Definition of Democracy, [1 August 1858?]1
As I would not be a slave, so I would not be a master– This expresses my idea of democracy– Whatever differs from this, to the extent of the difference, is no democracy–2
[ docketing ]
Aug[August] 1 18583
1Abraham Lincoln wrote this unsigned and undated document. At the time that Roy P. Basler, editor of the Collected Works of Abraham Lincoln, published this document from a facsimile of the original manuscript, an evidently unrelated clipped signature of Lincoln’s had been affixed to the facsimile. Basler stated that the date of composition of August 1, 1858, which has historically been assigned to this document was “apparently pure conjecture”. The editors have retained this date in the absence of any evidence to the contrary. A date of August 1, 1858, would situate the composition of this manuscript during the election campaign of 1858, on the day following Lincoln’s letter to Stephen A. Douglas accepting the latter’s terms for a series of debates in their race for the U.S. Senate. The manuscript was reportedly given by Mary Lincoln to attorney Myra Bradwell, who along with her husband James B. Bradwell helped to secure Mary Lincoln’s release from an institution in 1874. The text of the manuscript was reprinted widely in newspapers from at least 1895 onwards. One newspaper version published in 1906, apparently in consultation with James B. Bradwell, states that “Lincoln is believed to have penned it as a note for oratorical use while he was campaigning against Stephen A. Douglas.” As the text began to be included in collections of Lincoln’s writings in the early twentieth century, 1858 was given as the year of composition, with August 1 conjectured as a possible day, presumably based on an assumption that the document relates to the Lincoln-Douglas Debates.
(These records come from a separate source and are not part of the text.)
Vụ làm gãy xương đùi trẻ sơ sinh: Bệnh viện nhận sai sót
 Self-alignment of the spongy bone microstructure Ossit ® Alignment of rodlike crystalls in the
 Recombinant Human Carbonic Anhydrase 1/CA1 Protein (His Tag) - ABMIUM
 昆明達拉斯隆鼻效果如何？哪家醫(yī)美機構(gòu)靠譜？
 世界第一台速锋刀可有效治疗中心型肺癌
Roy P. Basler, ed., The Collected Works of Abraham Lincoln (New Brunswick, NJ: Rutgers University Press, 1953), 2:532; Illinois State Journal and Register (Springfield), 14 February 1943, 19:5; Jean H. Baker, Mary Todd Lincoln: A Biography (New York: W. W. Norton, 1987), 338-41; The Courier-Journal (Louisville, KY), 15 September 1895, 8:4-5; The Evening Times-Republican (Marshalltown, IA), 26 February 1906, 4:6; Arthur Brooks Lapsley, ed., The Writings of Abraham Lincoln (New York: P. F. Collier & Son, [ca. 1905-1906]), 7:389; Harry W. Hastings and Harold W. Thompson, eds., Selections from the Works of Abraham Lincoln (New York: F. M. Ambrose, 1921), 58; The Broadax (Chicago, IL), 23 October 1915, 4:2; The Battle Creek Enquirer and the Evening News (MI), 26 February 1929, 1:6, 2:6.
2Neither Basler nor the editors have found evidence of Lincoln including this text in any of his speeches or other writings. During debate in the U.S. Senate over the Fifteenth Amendment to the U.S. Constitution in 1869, Republican senator from Kansas Samuel C. Pomeroy voiced a sentiment which echoed portions of Lincoln’s without attributing a source. Pomeroy stated that “As I would not be a slave, so would I not make a slave; and the man who would do or be either under our form of government does not merit the condition of a freeman”, suggesting that this text may have circulated in some form prior to its extensive publication beginning later in the nineteenth century.
Roy P. Basler, ed., The Collected Works of Abraham Lincoln, 2:532; Illinois State Journal (Springfield), 10 February 1955, 3:1-2; Cong. Globe, 40th Cong., 3rd Sess., 710 (1869); Biographical Directory of the American Congress 1774-1996 (Alexandria, VA: CQ Staff Directories, 1997), 1675.
3An unknown person wrote this docketing in pencil at the foot of the page. It is unclear whether this docket is archival.

Handwritten Document, 1 page(s), Lincoln Collection, Abraham Lincoln Presidential Library and Museum (Springfield, IL).